#### The data

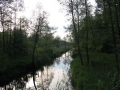 Białowieski Park Narodowy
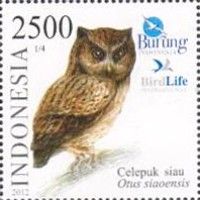 Siau Scops Owl (Otus siaoensis)
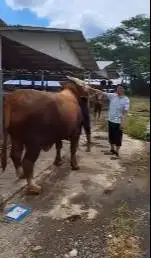 2 ekor sapi jantan raksasa 950kilo timbang riil siap qurban premium ok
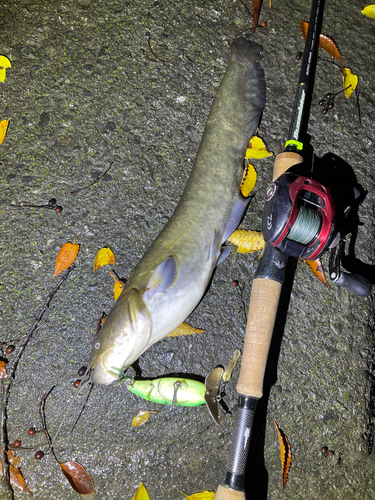 ナマズの釣果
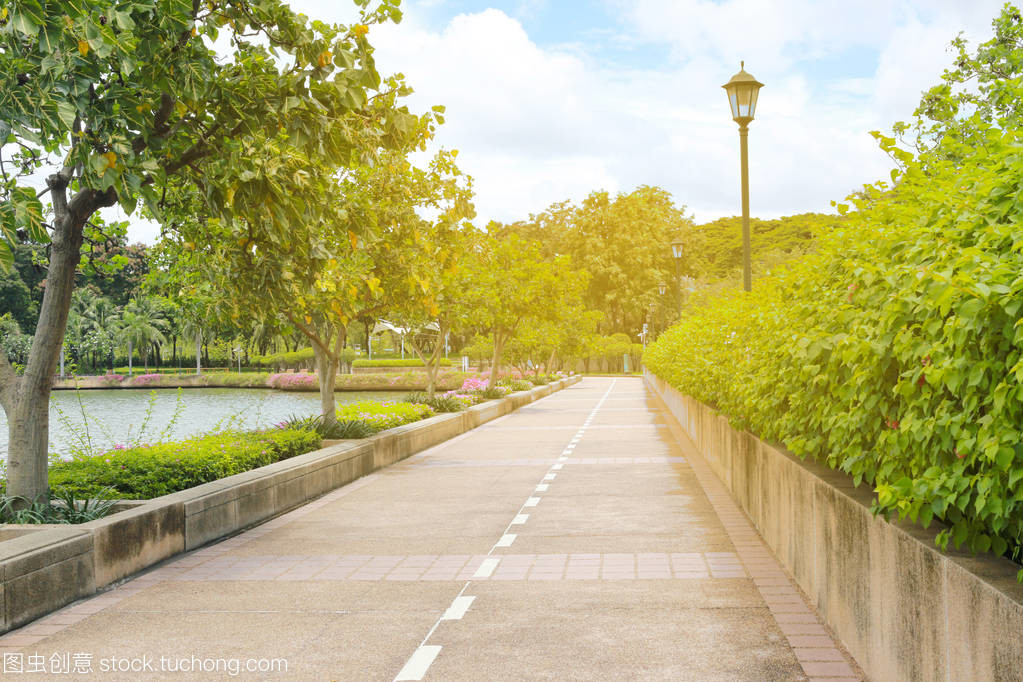 早上公園陽光明媚的圖片3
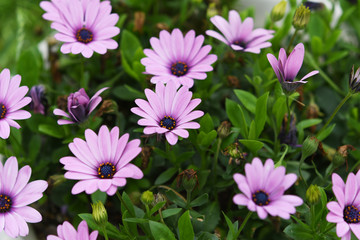 Fototapeta premium 紫色の花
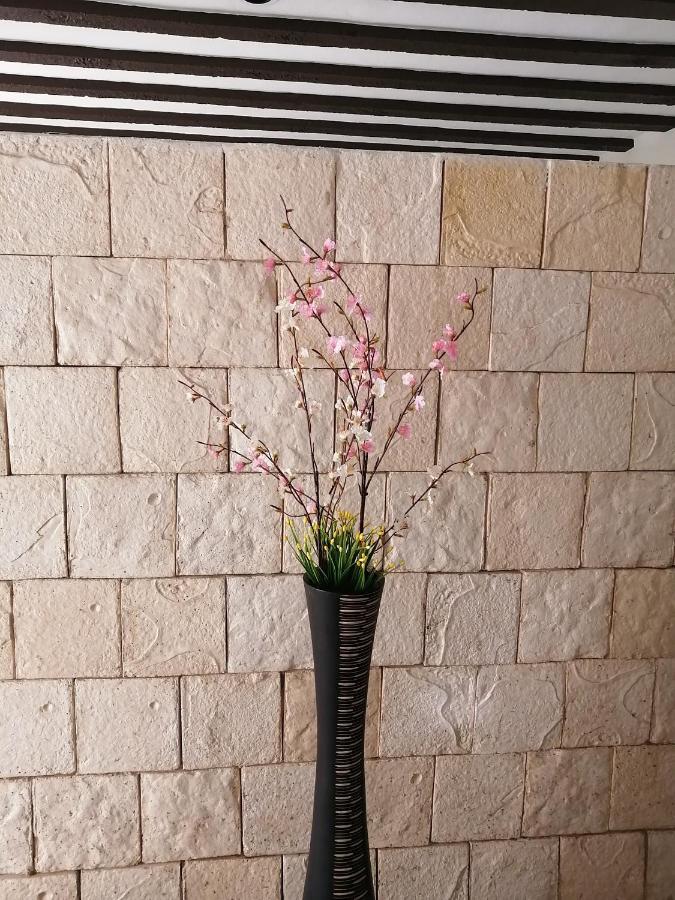 Apartament Casa Mama Bety Valladolid  Zewnętrze zdjęcie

########

Please copy the entries in full. Leave each image out.

 Białowieski Park Narodowy
 Siau Scops Owl (Otus siaoensis)
 2 ekor sapi jantan raksasa 950kilo timbang riil siap qurban premium ok
 ナマズの釣果
 早上公園陽光明媚的圖片3
 Fototapeta premium 紫色の花
 Apartament Casa Mama Bety Valladolid  Zewnętrze zdjęcie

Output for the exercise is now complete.